A study on the minimum number of loci required for genetic evaluation using a finite locus model

For a finite locus model, Markov chain Monte Carlo (MCMC) methods can be used to estimate the conditional mean of genotypic values given phenotypes, which is also known as the best predictor (BP). When computationally feasible, this type of genetic prediction provides an elegant solution to the problem of genetic evaluation under non-additive inheritance, especially for crossbred data. Successful application of MCMC methods for genetic evaluation using finite locus models depends, among other factors, on the number of loci assumed in the model.
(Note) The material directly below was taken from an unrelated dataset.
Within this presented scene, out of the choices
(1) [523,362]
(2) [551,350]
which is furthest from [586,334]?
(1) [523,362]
The effect of the assumed number of loci on evaluations obtained by BP was investigated using data simulated with about 100 loci. For several small pedigrees, genetic evaluations obtained by best linear prediction (BLP) were compared to genetic evaluations obtained by BP. For BLP evaluation, used here as the standard of comparison, only the first and second moments of the joint distribution of the genotypic and phenotypic values must be known. These moments were calculated from the gene frequencies and genotypic effects used in the simulation model. BP evaluation requires the complete distribution to be known. For each model used for BP evaluation, the gene frequencies and genotypic effects, which completely specify the required distribution, were derived such that the genotypic mean, the additive variance, and the dominance variance were the same as in the simulation model. For lowly heritable traits, evaluations obtained by BP under models with up to three loci closely matched the evaluations obtained by BLP for both purebred and crossbred data. For highly heritable traits, models with up to six loci were needed to match the evaluations obtained by BLP.